The world of books today is very different from the glitz and glamour of the late 1980s, when publishers on both sides of the Atlantic were famed for throwing big bucks at big books. Sex, shopping and success were the prevailing themes, so it was a huge surprise – to me at least – when my first historical novel, Louisa Elliott, set in 1890s York, was taken up with such enthusiasm and became a bestseller around the world.
News headlines along the lines of, ‘Housewife Writes Bestseller’, were a little embarrassing at the time but certainly attracted attention. I was indeed a wife and mother – an independent one, since my Master Mariner husband spent most of his time at sea.
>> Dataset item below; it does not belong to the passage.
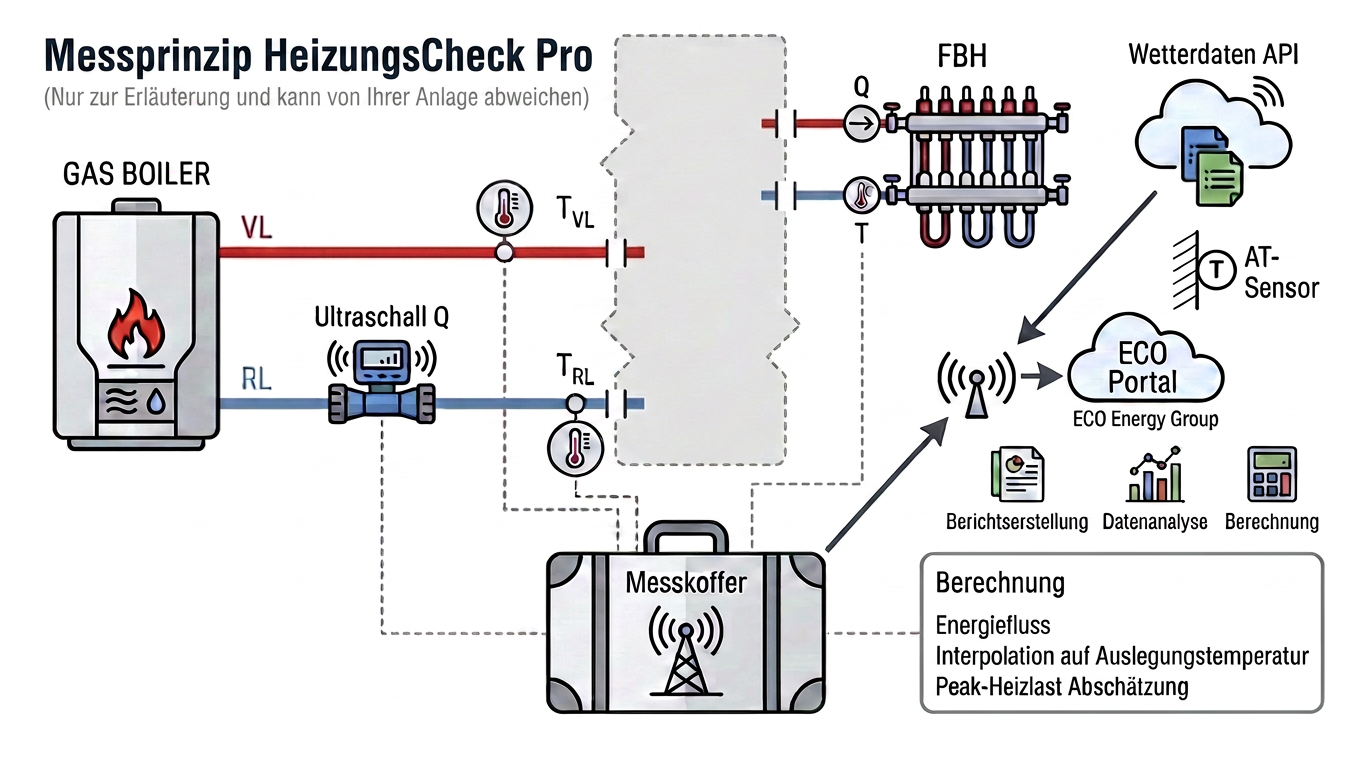 Messprinzip HeizungsCheck Pro: Die Messstation wird temporär in den Heiz- bzw. Kältekreis eingebunden und erfasst Vor- und Rücklauftemperatur sowie Volumenstrom. Schematische Darstellung – der konkrete Aufbau kann je nach Anlage abweichen.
It’s worth saying that I had written a contemporary novel in my twenties which earned nothing but rejection slips, and it was several years before started again. Meanwhile, I was writing letters almost daily to my absent husband.
Then, home was in West Yorkshire, but my First Trip to Sea made a great impression. While our two children were young, Peter and I took every opportunity to be together, spending many school holidays aboard ship. Living as family with officers and crew, meeting people from foreign ports around the world, was not only enjoyable, it proved invaluable for me as a writer.
Nowadays, long sea voyages are a thing of the past but Peter and I still love to travel. Living close to the Channel ports, we’ve taken to exploring Western Europe by motorhome. Spain: El Rocio to Seville, gives a taste of recent trips and some out of the way places.
People have been kind enough to say that as a novelist I have the ability to move the reader into the past. But I’ve always had a passion for history – and early art training leads me to see historical facts as a skeleton on which to build the flesh of fiction. If the bones are strong enough, the figure – and the story – will stand.
Small details can radically change my perspective. From The Diary (dated 1916) and a set of 19thC census returns, grew two big novels: Louisa Elliott and Liam’s Story. In my blog, Moon Rising 1: Dracula, Bram Stoker and Whitby you’ll see how a newspaper report put me on the trail of the famous author. Another post, Captain Smith – The Dockmaster’s Log Book, describes how an old document dismissed forever the dramatized versions of Captain Smith aboard the Titanic.
My books are all different, but love in its many forms, and the effects of the past upon the present are connecting themes. Set mainly in the late 19th and early 20th centuries, the novels feature strong, passionate characters and vivid settings. Within their pages, you can experience the First World War and life at sea in both historic and modern times – while travelling to places as diverse as York, Dublin, Whitby, the Middle East and Australia.
I still find myself approaching a new novel as though it’s going to be my last. And after all the glitz and glamour of the early days, I’m now part of the multi-tasking, indie-publishing scene of today.
The beauty of my back-list is that the stories are timeless – hence my decision to reissue them. You may not have worked at sea, but you will identify with the pressures experienced by Captain Smith in The Master’s Tale and his modern-day equivalent in Liam’s Story. You may not have indulged in an illicit affair, but you will recognise the temptations facing Louisa Elliott and the Whitby fisherlass, Damaris Sterne, in Moon Rising.
At the moment I’m working on a new novel set in Yorkshire, a long way from the sea.